Further below, it says that

When inserting a value within a transaction, the range the value falls into does not have to be locked for the duration of the transaction performing the insert operation. Locking the inserted key value until the end of the transaction is sufficient to maintain serializability. For example, given this INSERT statement:

INSERT mytable VALUES ('Dan');

The RangeI-N mode key-range lock is placed on the index entry corresponding to the name David to test the range. If the lock is granted, Dan is inserted and an exclusive (X) lock is placed on the value Dan. The RangeI-N mode key-range lock is necessary only to test the range and is not held for the duration of the transaction performing the insert operation. Other transactions can insert or delete values before or after the inserted value Dan. However, any transaction attempting to read, insert, or delete the value Dan will be locked until the inserting transaction either commits or rolls back.

Quoting another source - Microsoft SQL Server 2008 Internals: Transactions and Concurrency:

For example, the RangeIn-Null lock is acquired when SQL Server attempts to insert into the range between keys in a session using Serializable isolation.

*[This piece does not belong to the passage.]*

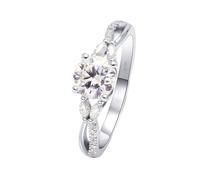 Boho Wedding Ring, Rings for Me Infinity Ring with White Round Shape Moissanite 18.1K White Gold Size L 1/2
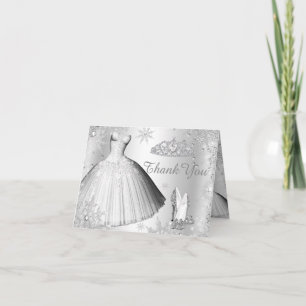 Silver Glitterklänning & Tiara Tacksamhetskort Tack Kort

This type of lock is not often seen because it is typically very transient. It is held only until the correct location for insertion is found, and then the lock is converted into an X lock.

My understanding is that this type of lock is during the process of identifying the range where the newly inserted key should be placed (I'm assuming that's what 'test the range' means). After this happens the lock is released, the new key gets inserted and an X lock is placed on it.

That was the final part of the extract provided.